С целью проверить новые, такие неожиданные и такие скупые сведения о рязанском гудошнике, несомненном «обломке» далекого прошлого, я был командирован фольклорным кабинетом Московской консерватории в Скопинский район.
След «последнего гудошника» отыскался в самой Рязани: лет семь назад там встречали подлинного гудошника, может быть, того самого, на поиски которого я поехал (о нем сообщил мне научный сотрудник краеведческого музея Д. Д. Солодовников). Однако найти по такому следу гудошника было невозможно.

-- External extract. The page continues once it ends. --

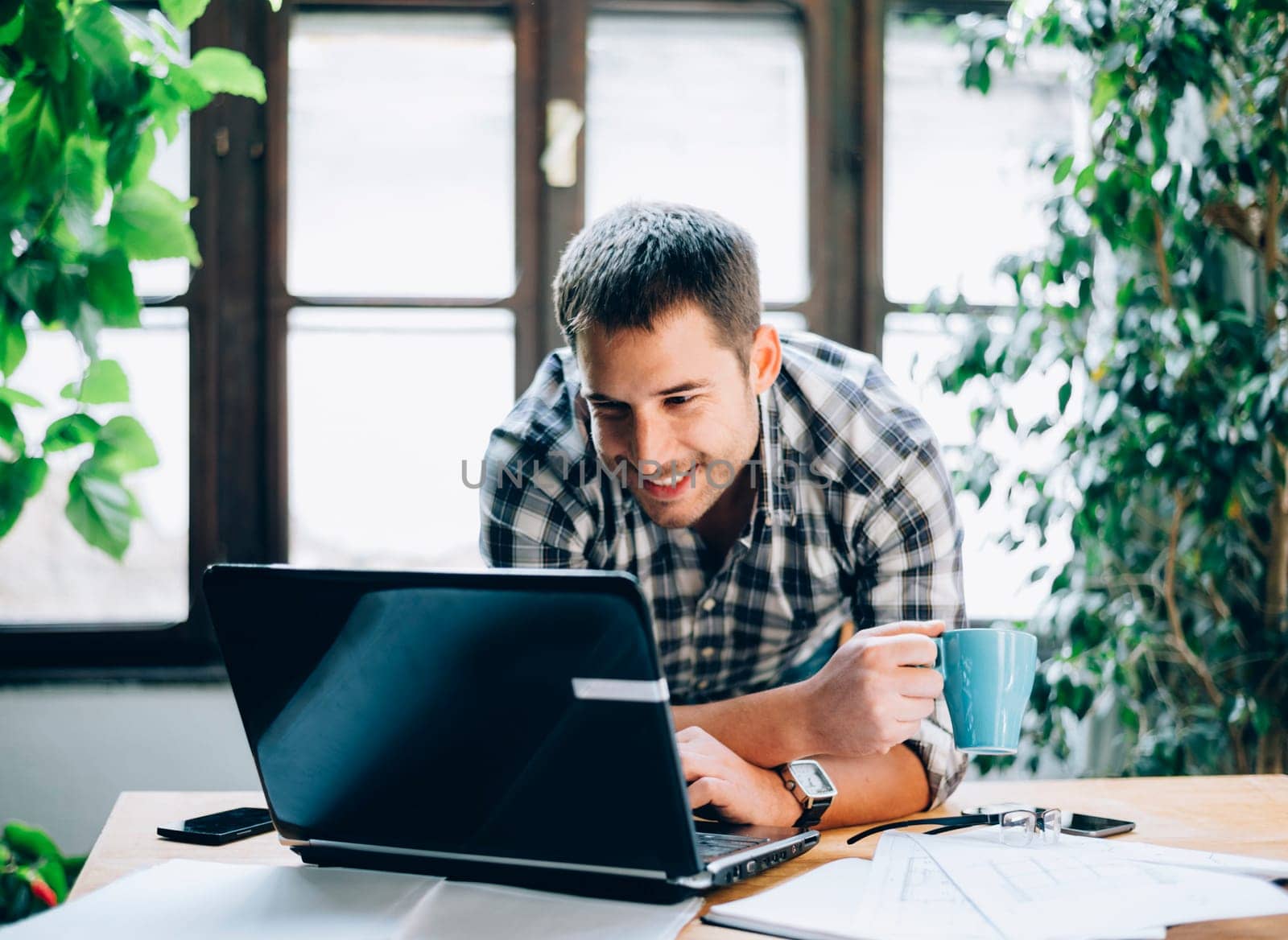 Modern home office concept for freelance proffesions. Cool workspace green and light interior. Happy young man working on his project on laptop.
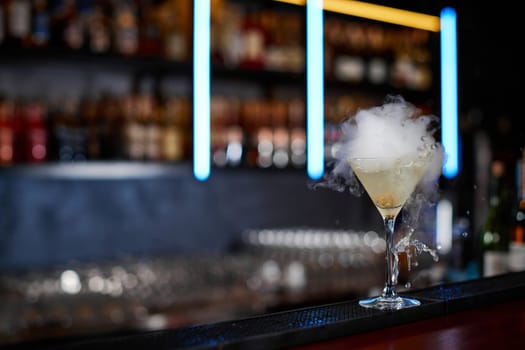 alcoholic cocktail with smoke at the bar. soft drink on the bar table. copy space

А под Скопиным не нашлось ни одного человека (из опрошенных мною, — а опрашивать приходилось множество людей), который видел бы старика с гудком в руках. Несмотря на общее горячее сочувствие и помощь, эту часть задания пришлось счесть невыполненной. Обиднее всего казались беспрестанные разочарования: многие с радостью сообщали, что видали гудошника, а на поверку выходило, что они смешивали его с лирником, — а то и с домристом...

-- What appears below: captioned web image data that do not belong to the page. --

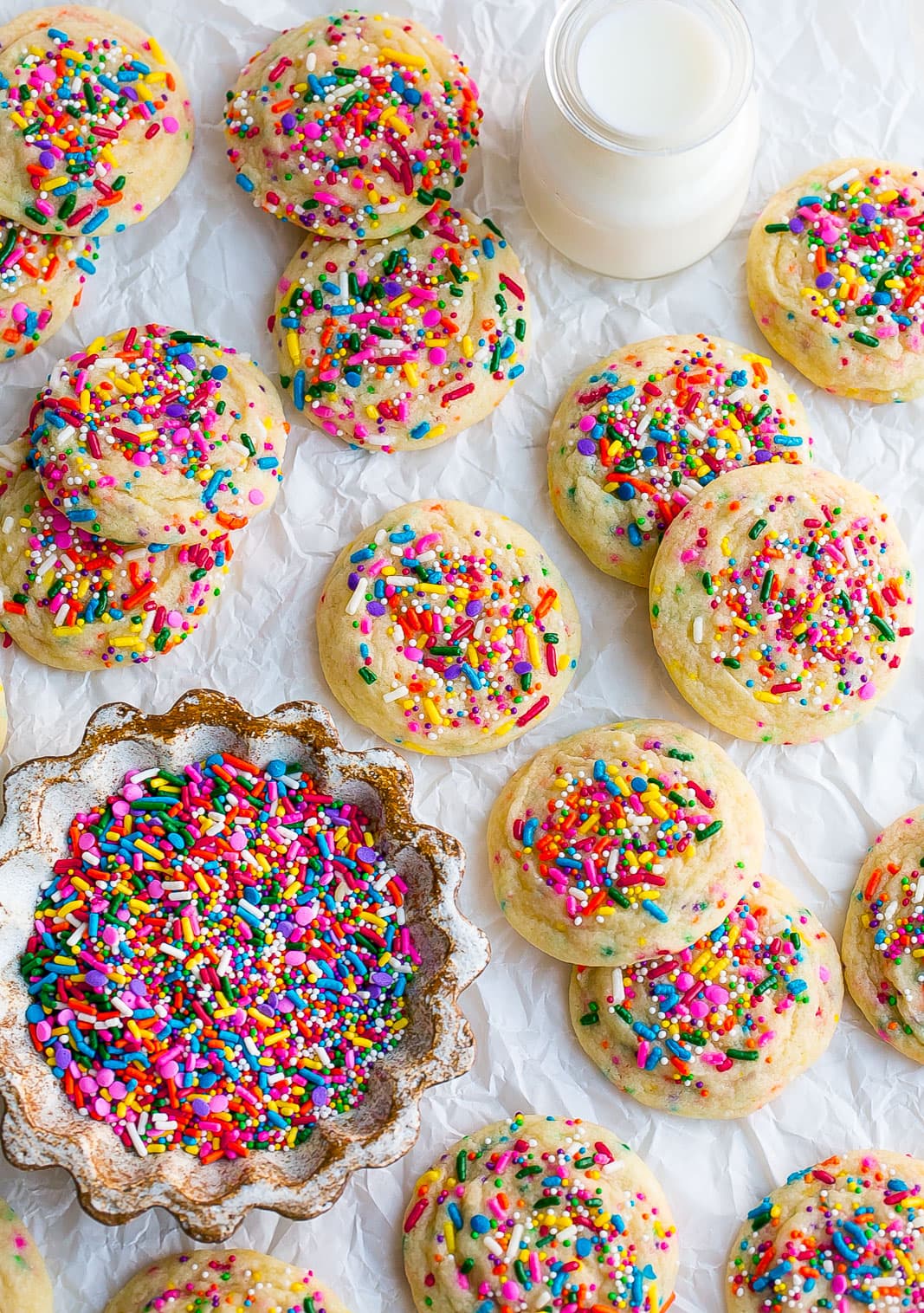Baked sugar cookies with rainbow sprinkles on parchment paper. 
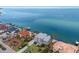 Waterfront property showcasing a beautiful home and neighboring houses at 709 Key Royale Dr, Holmes Beach, FL 34217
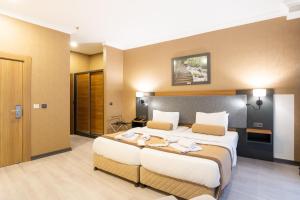 a hotel room with a large bed with two pillows at Orange Hotel & Spa in Şişli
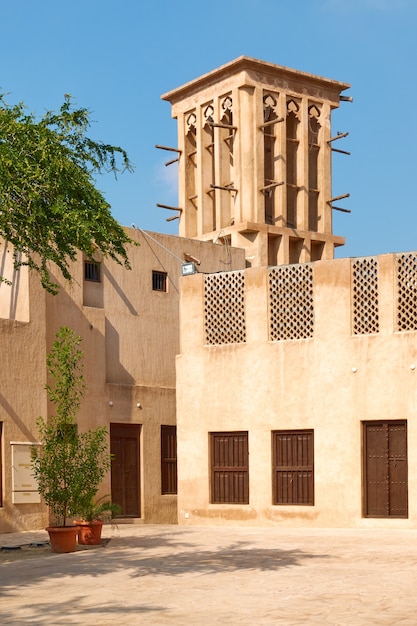 Building with windcatcher in Al Fahidi quarter in Old Dubai, United Arab Emirates (UAE)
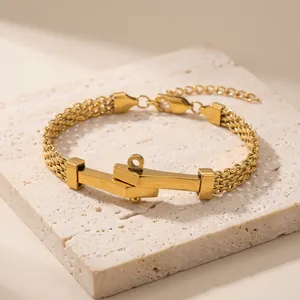 Detailopname van gouden roestvrijstalen gevlochten armband met geometrische sluiting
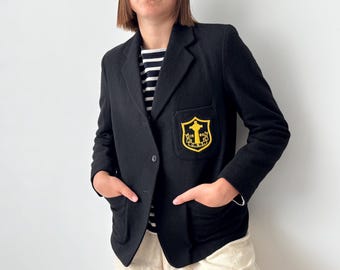 Könnte beinhalten: Schwarzer Blazer mit gelb-schwarzem Wappen auf der Tasche. Der Blazer hat einen Einzelknopfverschluss und zwei Vordertaschen. Die Person trägt ein schwarz-weiß gestreiftes Hemd darunter.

И только два месяца спустя после возвращения, получив письмо от одного из скопинских музыкантов — преподавателя К. Д. Базарнова, — я убедился, что поиски гудошника были не напрасны. Заинтересованный моими розысками, он написал письмо в город Сапожок (районный центр Рязанской области, расположенный в стороне от железной дороги) и получил оттуда более свежие и точные, хотя и малоутешительные, вести: в Сапожке совсем еще недавно проживал подлинный гудошник — вероятно, один из последних рязанских гудошников. После его смерти (умер он года три назад) инструментом завладели внуки. Они несколько «выправили» форму гудка (т. е. — отломили гриф), а засим — переименовали его в кораблик и пустили в плаванье по весенним ручьям и лужам города Сапожка... Там и кончился древний скомороший инструмент! В этой истории были, однако, проблески надежды на то, что, может быть, в дальнейшем удастся узнать кое-какие подробности об игре этого гудошника, о его репертуаре, а, возможно, и разыскать других исполнителей на этом редчайшем инструменте.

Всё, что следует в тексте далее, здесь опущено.